Unlike "The Graduate", a sunny, light and playful film, "Carnal Knowledge" isn't optimistic or farcical, and is shot by Giuseppe Rotunno in murky and often silhouetted and dark tones, even lurid and oily ones. "Carnal Knowledge" is claustrophobic and intense. The film sometimes behaves like a malcontented, antagonistic rat gnawing vigorously and cynically at an era of 1960s "free love". Specifically, Jonathan is a grimy rat that cries free love but screams go f--k yourself after the deed is done. "Carnal Knowledge", which depicts the shifting currents of male sexual "conquests" and what it means for one sex to "capture" or "get" the other, ushered in a new decade in 1971. Indeed, "Carnal Knowledge" feels more transitional, a caustic bridge from the brighter "Graduate" of the sex-crazed Swinging Sixties to a singular, colder 1970s film like "Shampoo", which feels like a cautionary tale by comparison. "Carnal Knowledge" however, has no safety net and doesn't profess caution or tread lightly. It barks, it's shrill, it's thought-provoking and it's wildly funny, even uncomfortable.

Forty years ago "Carnal Knowledge" was deemed misogynist by some, but I don't believe the film is. The women of "Carnal Knowledge" read men well, whether by their palms or their penises. There are plenty of women in the film and one or two girls, and Mr. Nichols shows us the difference between the two. The women are not victims of the film or the filmmaker. They are the put-upon that the film's fragile, weak men have been propping up their low self-esteem against. If Jonathan lives in a world where he lives only for sex, then what is he? At one point he tells Sandy that "you're happy, and I'm making money."

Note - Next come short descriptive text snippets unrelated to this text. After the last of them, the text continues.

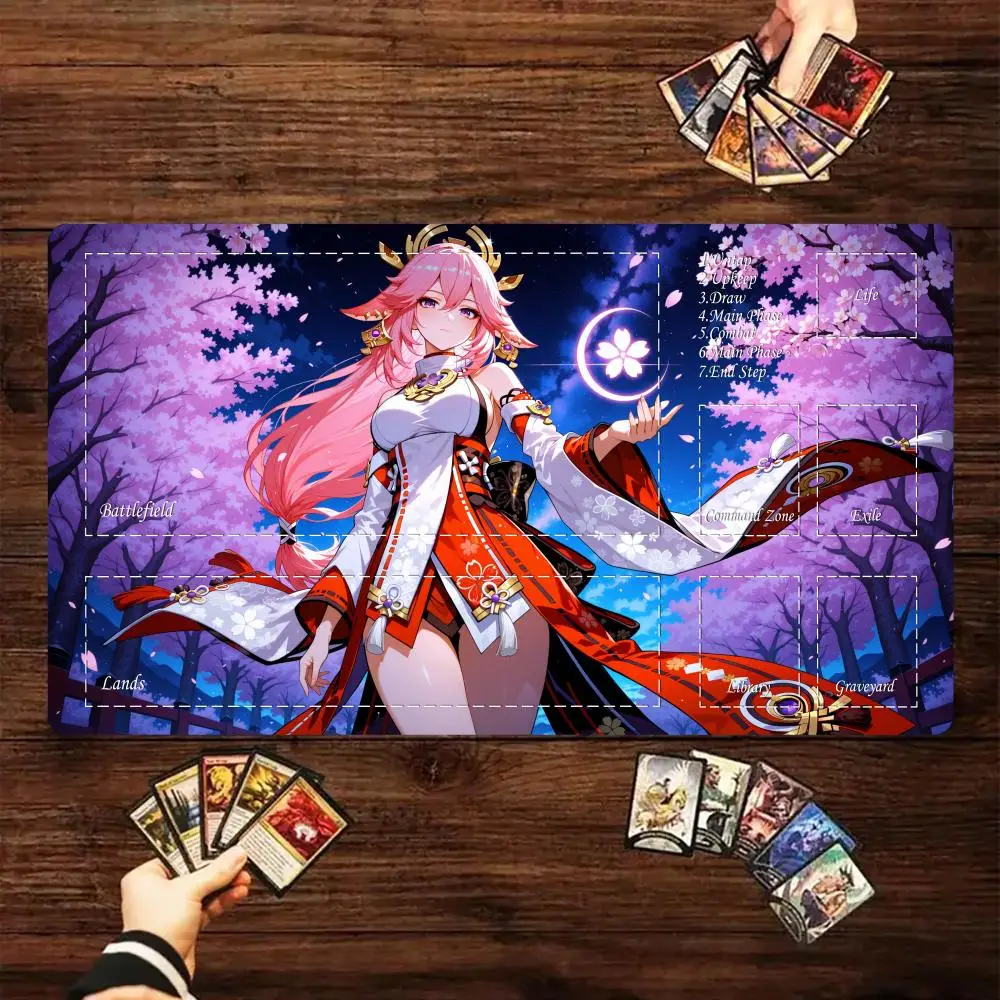 

Magic Card Gaming Mat with zone Cherry Blossom Witch theme mtg playmat desk mat Commander Playmat suitable for game gathering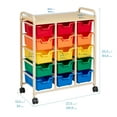 thumbnail image 2 of ECR4Kids Mobile Storage Organizer and 15 Removable Plastic Bins, Kids Furniture, Sand/Assorted, 2 of 9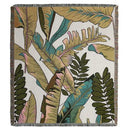 Boho floral cotton blanket navy blue & orange living room throw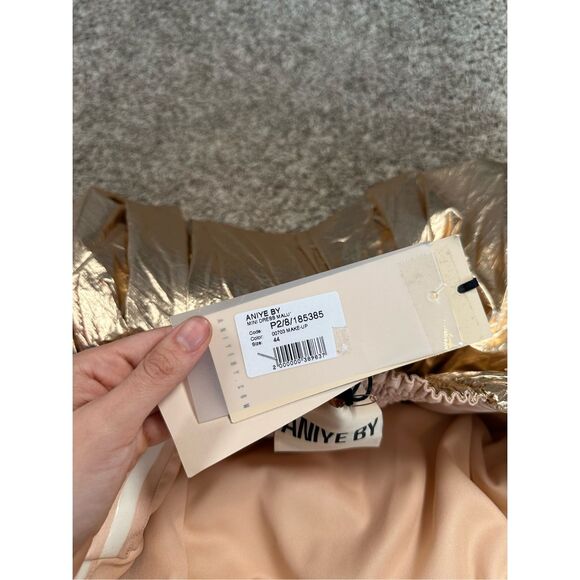 NWT ANIYE BY Malu Mini Dress Strapless Metallic Gold Womens M Circle Skirt Party - Picture 6 of 16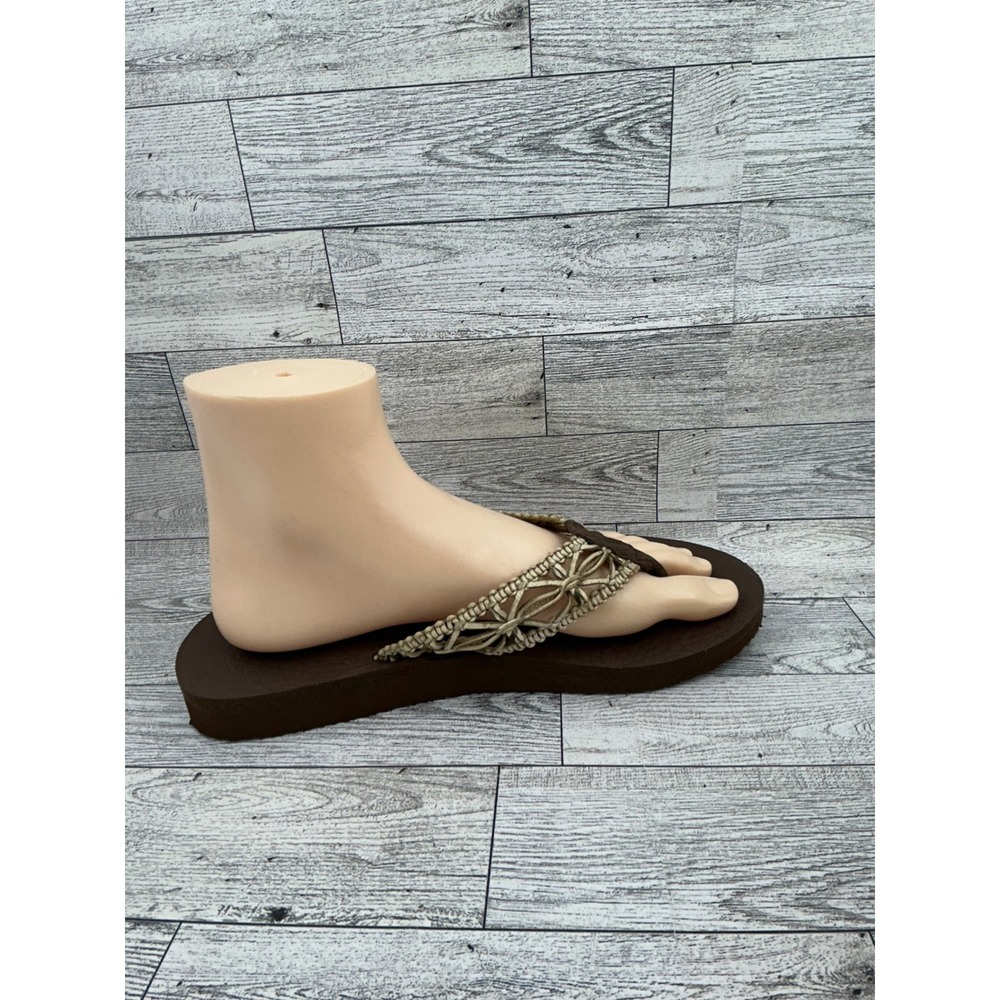 Skechers Women's Brown Thong‎ Sandals with Beaded Flower Detail - Picture 7 of 14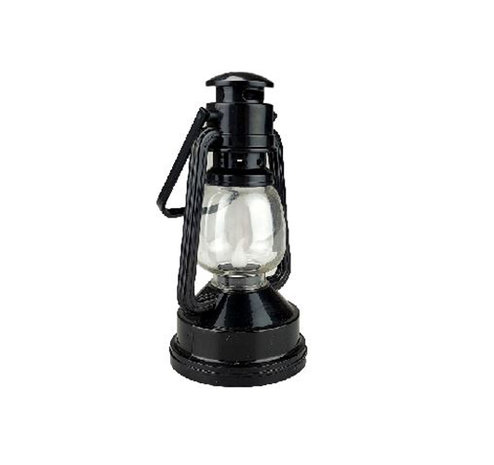 Mini lantaarn / olielamp met LED - Zwart - Kunststof - Ø 7 x h 15 cm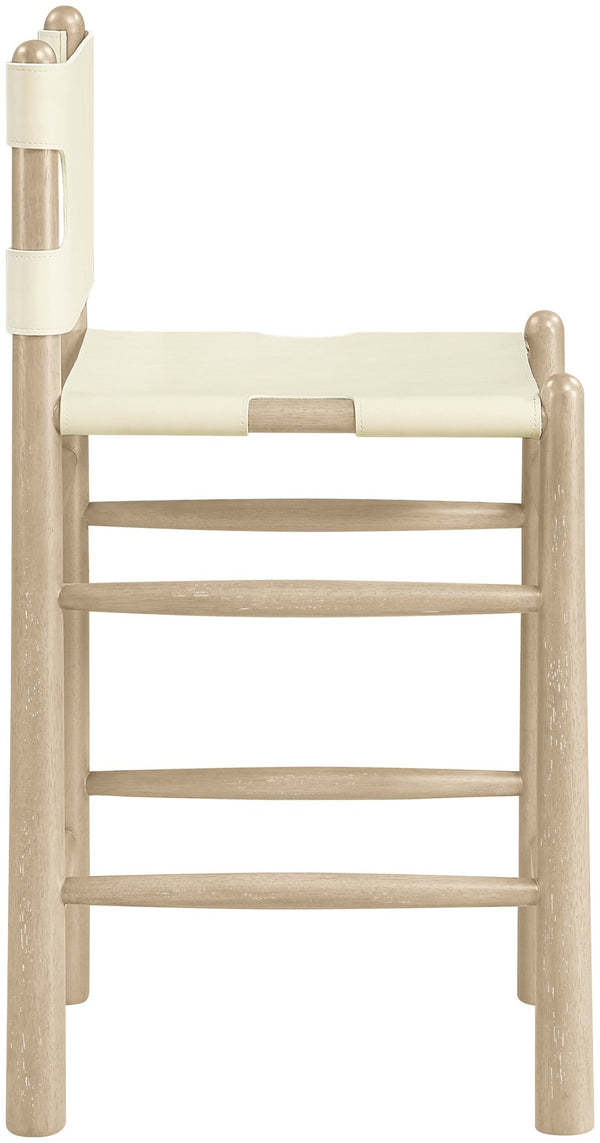 Meridian Furniture Santos Vegan Leather Counter Stool Art Deco Frame for Kitchen Islands 77096Cream-C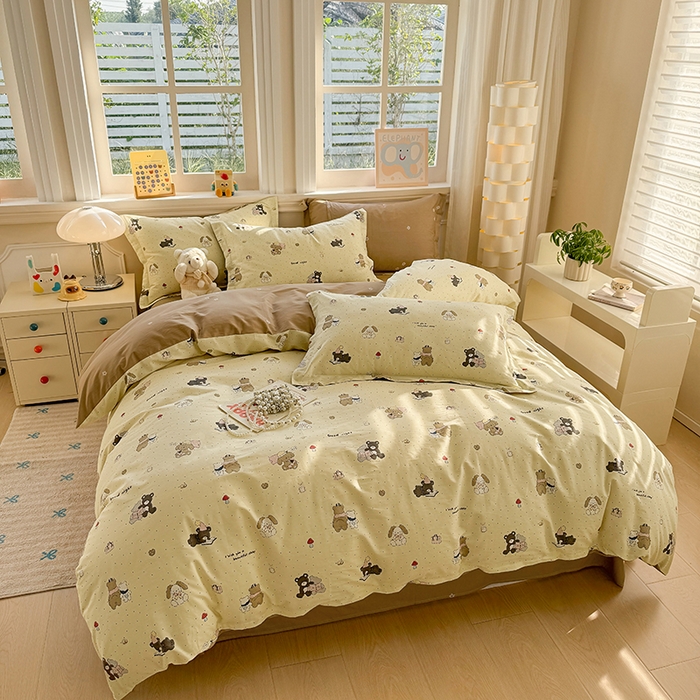 91家纺网 家纺一手货源 找家纺 壹号库 2025新款全棉四件套 小熊日记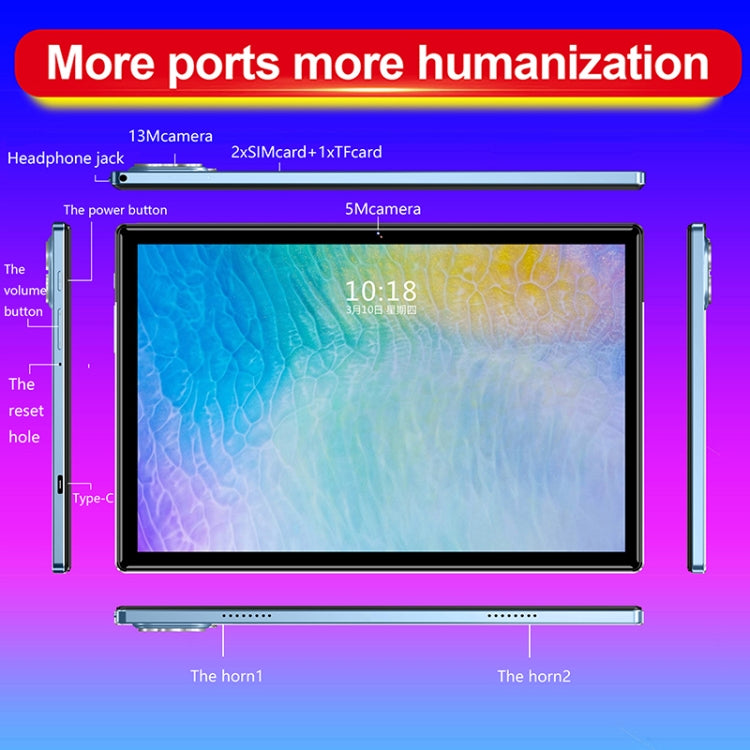 P60 4G Phone Call Tablet PC, 10.1 inch, 4GB+64GB, Android 8.0 MTK6797 Deca Core 2.1GHz, Dual SIM, Support GPS, OTG, WiFi, BT (Green) - 10.1 inch by PMC TechLife | Online Shopping South Africa | PMC TechLife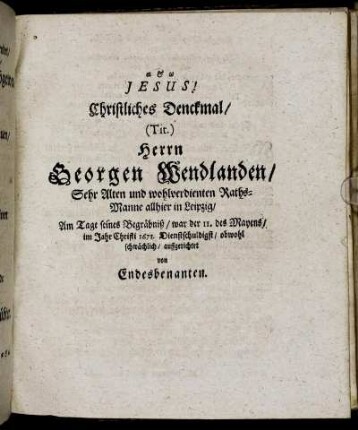 Christliches Denckmal.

Jonathan is undeniably a misogynist and a misanthrope, and objectifies women so relentlessly as to be vile. Played by Mr. Nicholson in his heyday of playing iconic counter-cultural characters in films like "Easy Rider," "Five Easy Pieces" and "Chinatown" to name a few, as Jonathan he lacerates and burns in "Carnal Knowledge", which sees the world largely through Jonathan's lonely, arrogant and egotistical eyes. But "Carnal Knowledge" also indicts Jonathan and identifies him unmistakably as a sad, self-loathing creature shrouded in narcissism and denial.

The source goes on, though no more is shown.